◆ ASSIGNED TASK ◆
The required output is the exact text of the lines from the line containing "this 650×360 image." through the final line below, inclusive, without pictures.

(Referring expression grounding data)
—————

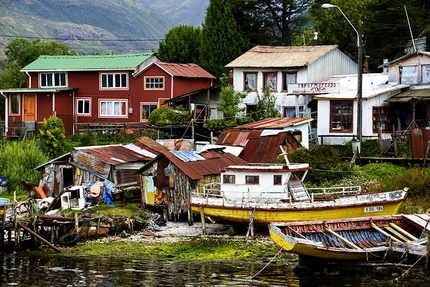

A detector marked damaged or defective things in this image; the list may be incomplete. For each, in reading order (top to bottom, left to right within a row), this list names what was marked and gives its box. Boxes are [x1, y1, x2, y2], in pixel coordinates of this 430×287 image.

rusty corrugated metal roof [225, 45, 340, 69]
rusty corrugated metal roof [155, 62, 217, 79]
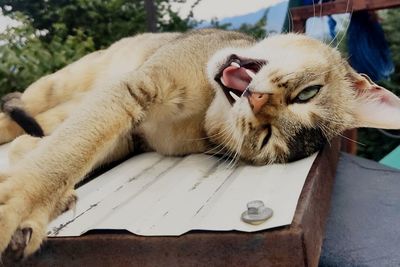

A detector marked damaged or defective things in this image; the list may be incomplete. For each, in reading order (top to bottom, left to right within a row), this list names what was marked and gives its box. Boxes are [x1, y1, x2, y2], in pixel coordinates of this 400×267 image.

rusty metal edge [7, 140, 340, 267]
rusty metal frame [7, 141, 340, 266]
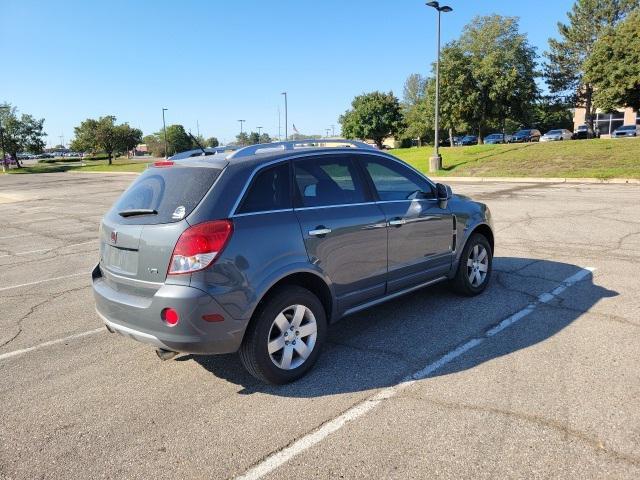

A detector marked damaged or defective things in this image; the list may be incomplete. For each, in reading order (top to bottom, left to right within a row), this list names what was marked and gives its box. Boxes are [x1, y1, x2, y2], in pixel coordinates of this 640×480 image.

cracked pavement [1, 173, 640, 480]
sealed crack in asphalt [392, 394, 640, 468]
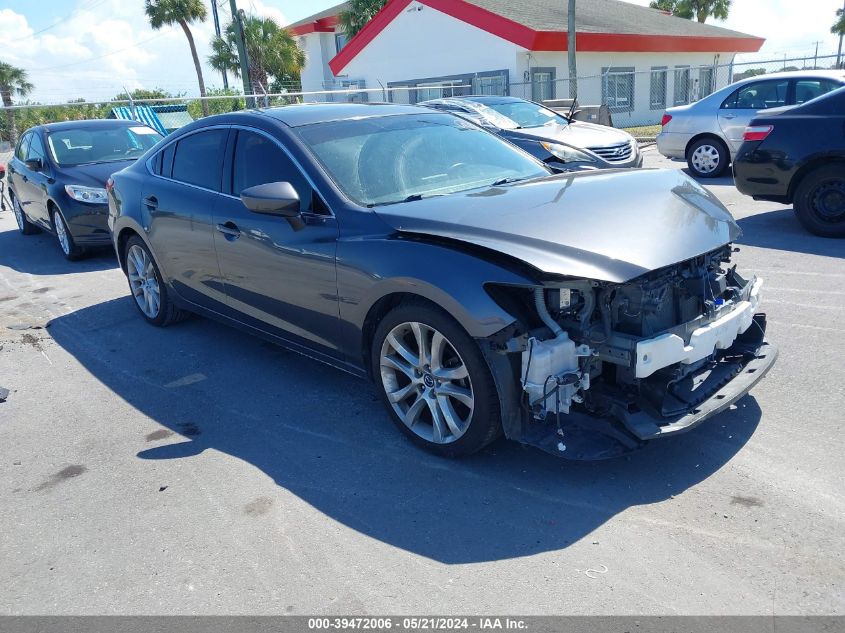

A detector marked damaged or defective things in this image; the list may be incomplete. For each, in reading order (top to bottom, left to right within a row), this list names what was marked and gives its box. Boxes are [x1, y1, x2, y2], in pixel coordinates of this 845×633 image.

crumpled hood [56, 158, 136, 188]
crumpled hood [374, 168, 740, 282]
crumpled hood [520, 119, 632, 148]
damaged front end [488, 246, 780, 460]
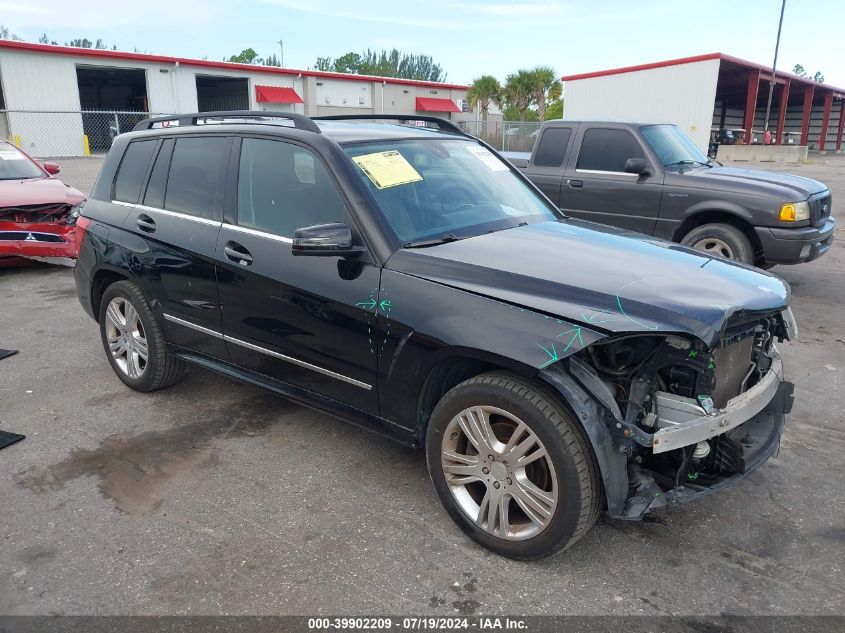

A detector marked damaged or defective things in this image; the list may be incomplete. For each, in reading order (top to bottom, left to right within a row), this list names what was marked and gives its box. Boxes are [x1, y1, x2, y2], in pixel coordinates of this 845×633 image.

crumpled hood [0, 177, 85, 209]
damaged red car [0, 139, 85, 266]
crumpled hood [676, 165, 828, 200]
crumpled hood [386, 221, 788, 348]
damaged front end of suv [540, 306, 792, 520]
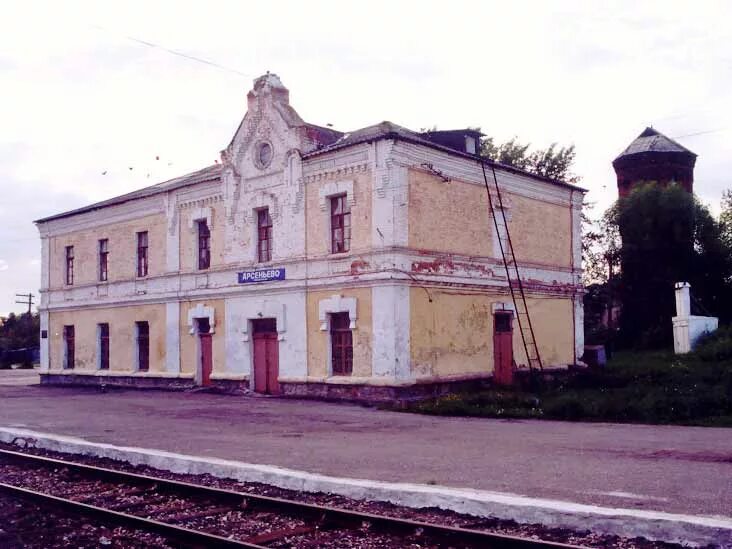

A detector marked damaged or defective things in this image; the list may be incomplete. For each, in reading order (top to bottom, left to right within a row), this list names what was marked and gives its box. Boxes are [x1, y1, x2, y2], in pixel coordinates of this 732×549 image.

peeling paint wall [49, 214, 167, 288]
peeling paint wall [406, 169, 492, 256]
peeling paint wall [48, 304, 165, 372]
peeling paint wall [306, 286, 372, 376]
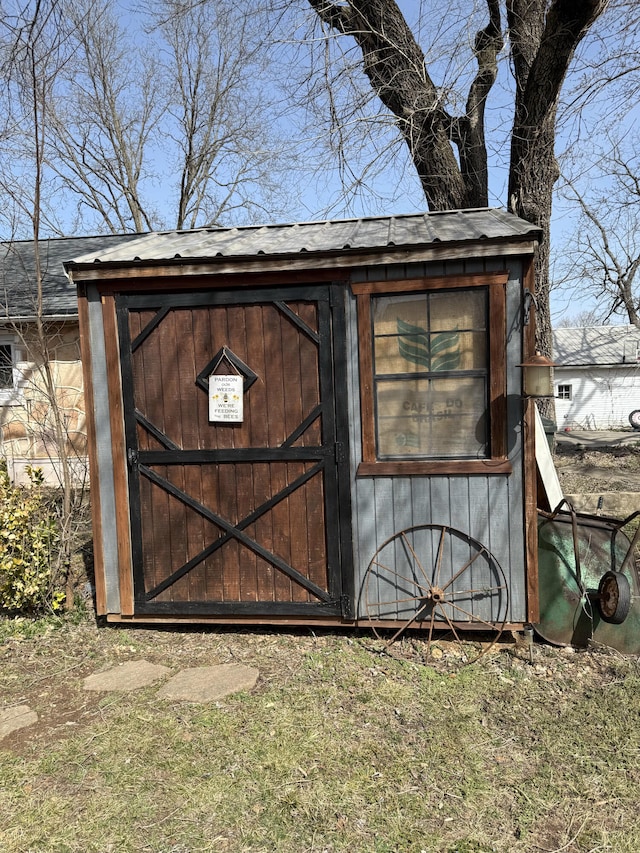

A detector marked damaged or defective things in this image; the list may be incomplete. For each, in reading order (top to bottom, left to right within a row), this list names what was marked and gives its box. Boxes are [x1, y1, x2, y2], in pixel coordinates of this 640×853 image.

rusted metal wheel [364, 520, 510, 664]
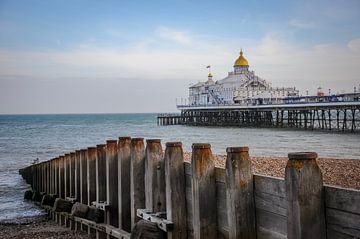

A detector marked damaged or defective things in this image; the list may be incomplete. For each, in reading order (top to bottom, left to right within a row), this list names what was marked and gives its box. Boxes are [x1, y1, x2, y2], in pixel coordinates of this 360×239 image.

rusty metal bracket [136, 209, 173, 232]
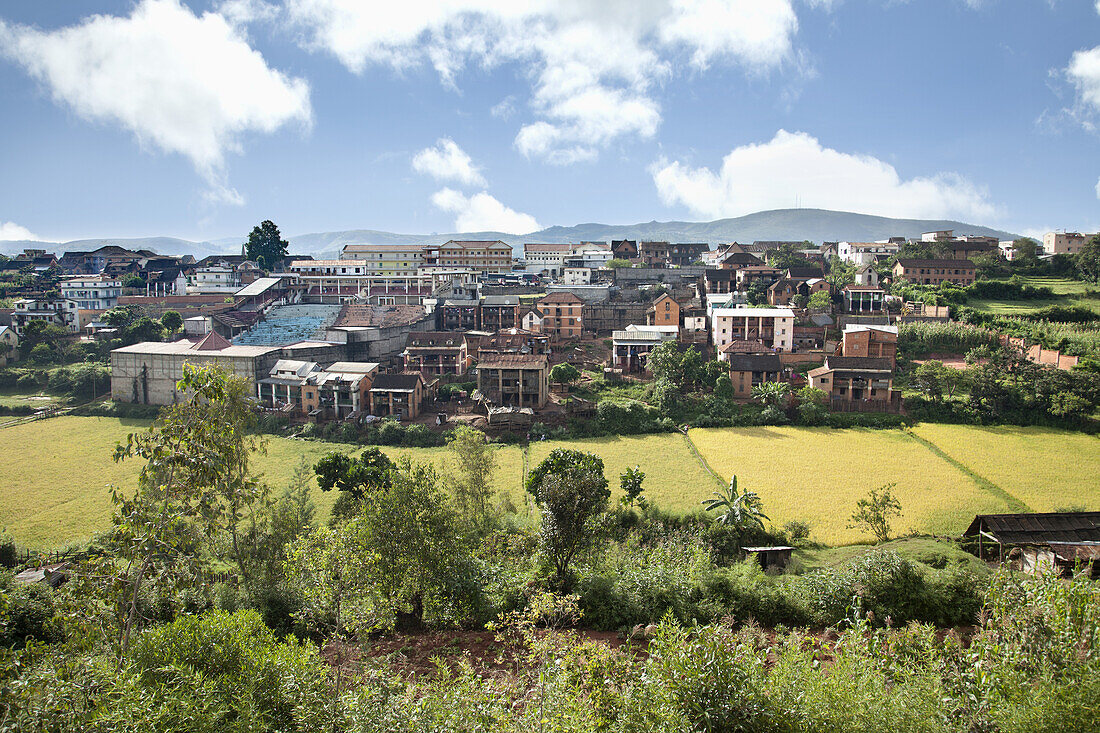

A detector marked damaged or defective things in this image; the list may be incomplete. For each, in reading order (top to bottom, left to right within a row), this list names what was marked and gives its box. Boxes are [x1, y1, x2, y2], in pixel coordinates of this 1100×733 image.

rusty metal roof [963, 512, 1100, 541]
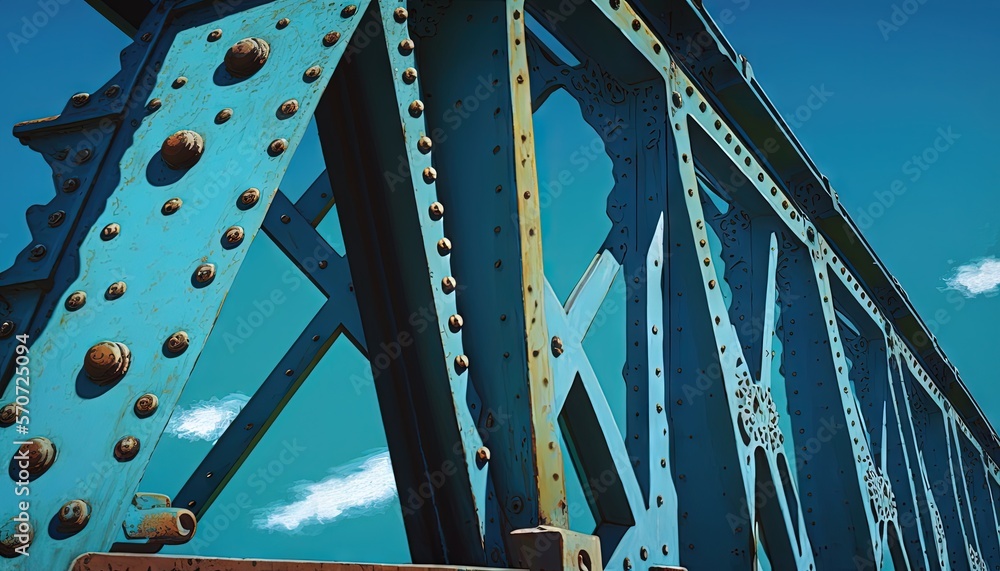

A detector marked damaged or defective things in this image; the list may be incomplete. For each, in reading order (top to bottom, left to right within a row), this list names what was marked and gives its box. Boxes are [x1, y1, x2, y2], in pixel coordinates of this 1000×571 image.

rusty rivet [224, 36, 270, 77]
rusty rivet [280, 99, 298, 116]
rusty rivet [406, 99, 422, 117]
rusty rivet [161, 131, 204, 171]
rusty rivet [268, 139, 288, 156]
rusty rivet [416, 137, 432, 155]
rusty rivet [47, 210, 65, 228]
rusty rivet [162, 197, 184, 214]
rusty rivet [238, 188, 260, 208]
rusty rivet [428, 201, 444, 219]
rusty rivet [28, 246, 46, 264]
rusty rivet [101, 222, 121, 240]
rusty rivet [224, 226, 243, 246]
rusty rivet [438, 237, 454, 255]
rusty rivet [193, 264, 215, 284]
rusty rivet [105, 280, 126, 300]
rusty rivet [65, 290, 86, 312]
rusty rivet [166, 328, 189, 356]
rusty rivet [552, 336, 568, 358]
rusty rivet [135, 396, 160, 418]
rusty rivet [16, 438, 56, 478]
rusty rivet [114, 436, 140, 462]
rusty rivet [57, 500, 90, 536]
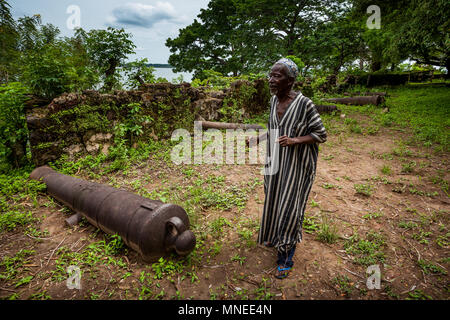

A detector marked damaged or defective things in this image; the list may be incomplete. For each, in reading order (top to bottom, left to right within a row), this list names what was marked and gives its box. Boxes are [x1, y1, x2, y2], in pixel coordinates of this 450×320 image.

rusty cannon [29, 166, 195, 262]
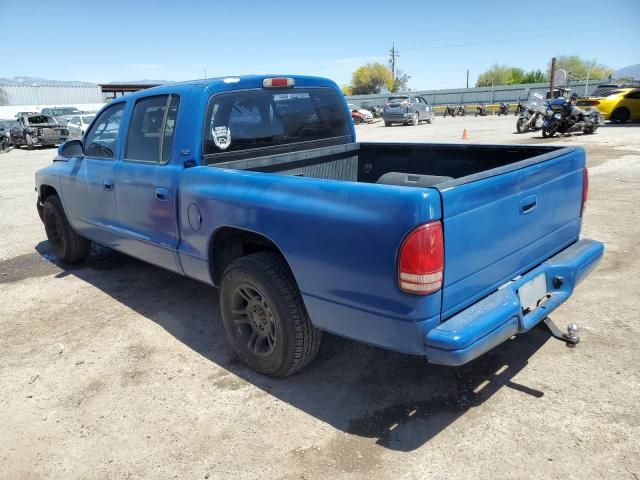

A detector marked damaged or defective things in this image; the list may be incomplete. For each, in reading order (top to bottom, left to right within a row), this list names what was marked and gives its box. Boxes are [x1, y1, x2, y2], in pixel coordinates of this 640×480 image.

damaged vehicle [10, 114, 68, 148]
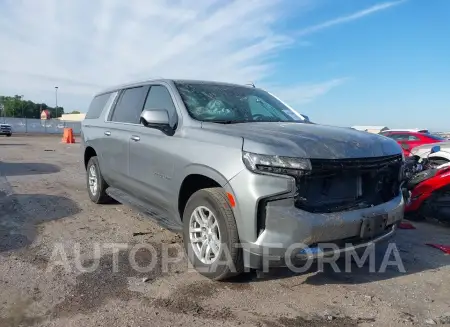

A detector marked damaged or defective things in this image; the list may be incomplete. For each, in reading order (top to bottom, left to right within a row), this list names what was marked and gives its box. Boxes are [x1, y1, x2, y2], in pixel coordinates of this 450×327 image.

damaged headlight assembly [243, 152, 312, 178]
damaged front end [296, 156, 404, 214]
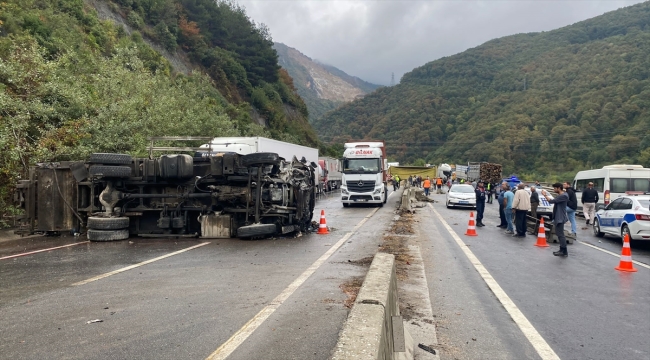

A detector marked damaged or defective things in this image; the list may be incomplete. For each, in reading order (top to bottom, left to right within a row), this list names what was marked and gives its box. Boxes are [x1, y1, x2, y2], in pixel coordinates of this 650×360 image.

overturned truck [15, 136, 316, 240]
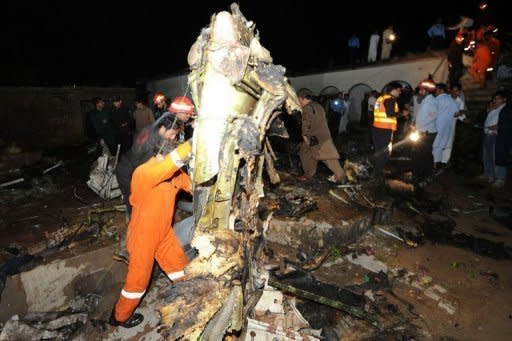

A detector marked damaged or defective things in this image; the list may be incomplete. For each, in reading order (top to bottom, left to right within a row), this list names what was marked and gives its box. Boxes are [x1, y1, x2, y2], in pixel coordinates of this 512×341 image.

damaged aircraft part [160, 3, 302, 338]
burned wreckage [158, 3, 306, 338]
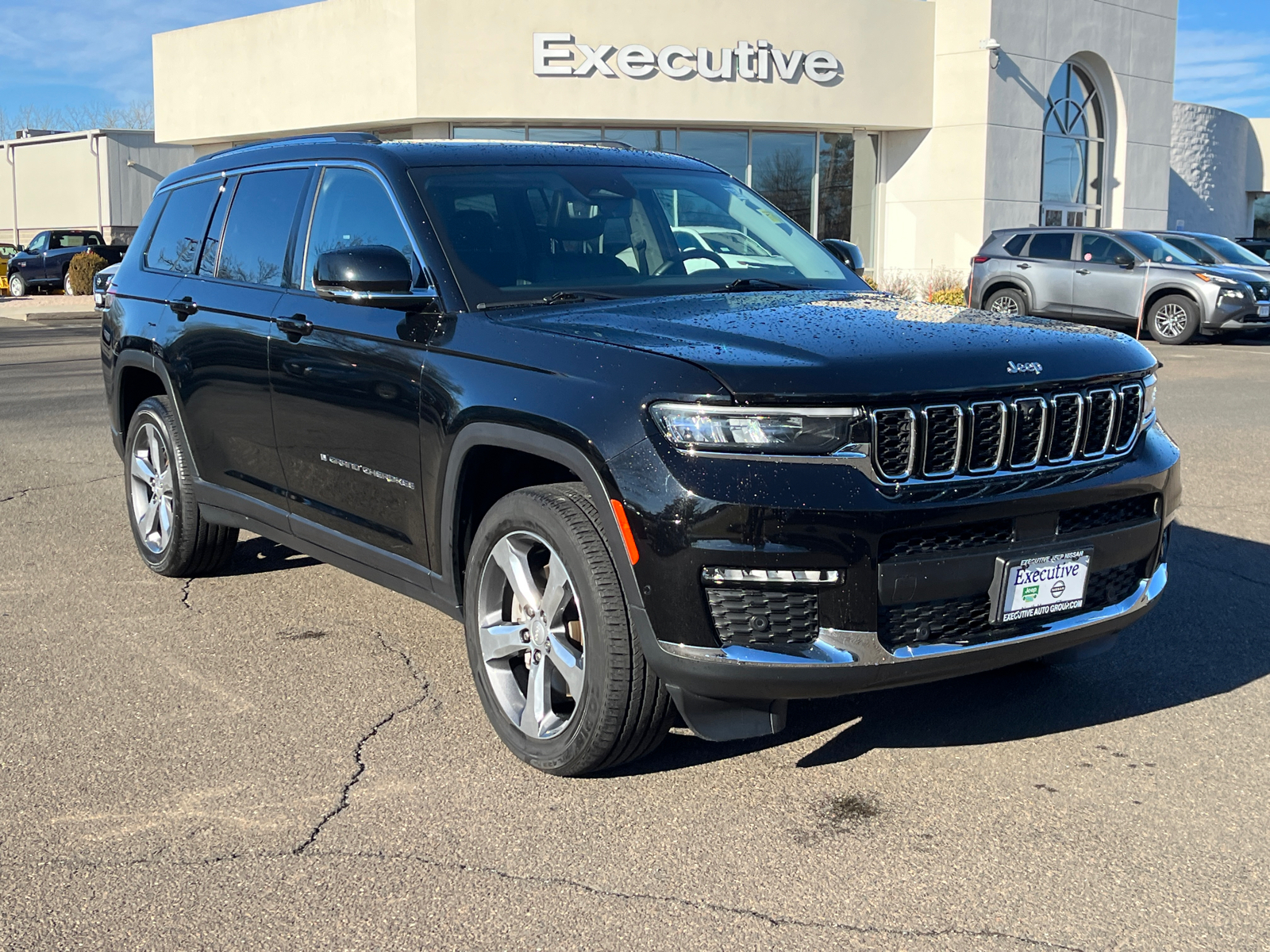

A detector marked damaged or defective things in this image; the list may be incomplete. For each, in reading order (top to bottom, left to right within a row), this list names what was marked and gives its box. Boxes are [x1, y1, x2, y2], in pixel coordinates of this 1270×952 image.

crack in asphalt [0, 474, 115, 502]
crack in asphalt [291, 635, 429, 858]
crack in asphalt [5, 853, 1087, 949]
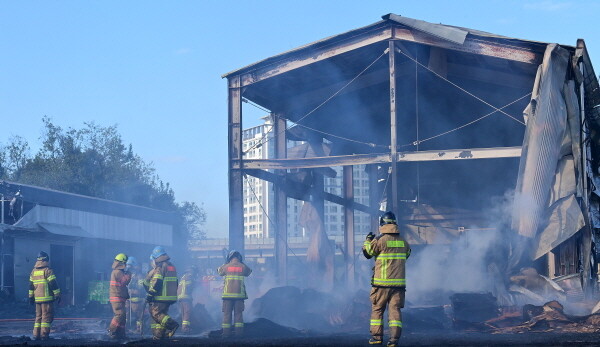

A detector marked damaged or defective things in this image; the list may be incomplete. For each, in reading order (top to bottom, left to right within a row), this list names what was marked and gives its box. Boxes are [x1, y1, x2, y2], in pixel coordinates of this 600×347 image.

broken roof edge [223, 13, 556, 80]
burned building [223, 12, 600, 294]
burned building [0, 181, 176, 306]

—————

◆ WRITTEN ANSWER ◆
A detector marked damaged or defective things in this image; the list may be incomplete. For each, in reading order (top to bottom, left to right within a row), this list names what was marked and gives its box. Boxes are [x1, y1, x2, y2], in pixel coordinates of this 650×360 image.

overturned truck [15, 136, 316, 240]

A detector marked damaged or defective things in this image; the list may be incomplete. For each, in reading order (top to bottom, left to right within a row), this list names what was marked and gives its box. Boxes are [x1, y1, x2, y2], in pixel coordinates of this 512×341 image.

damaged aircraft part [160, 3, 302, 338]
burned wreckage [158, 3, 306, 338]

A detector marked damaged or defective things in this image; the list may be incomplete. For each, in reading order (top to bottom, left to right within a row), this list names what was marked and gives its box. Boxes are [x1, y1, x2, y2], in pixel coordinates of this 1270×952 image.

crack in asphalt [0, 474, 115, 502]
crack in asphalt [291, 635, 429, 858]
crack in asphalt [5, 853, 1087, 949]

A detector marked damaged or defective things in this image; the list may be incomplete. For each, in reading order (top to bottom, left to right within a row), this list names what was marked and gives its box. Boxes are [x1, y1, x2, y2], in pixel coordinates of this 600×347 image.

broken roof edge [223, 13, 556, 80]
burned building [223, 12, 600, 294]
burned building [0, 181, 176, 306]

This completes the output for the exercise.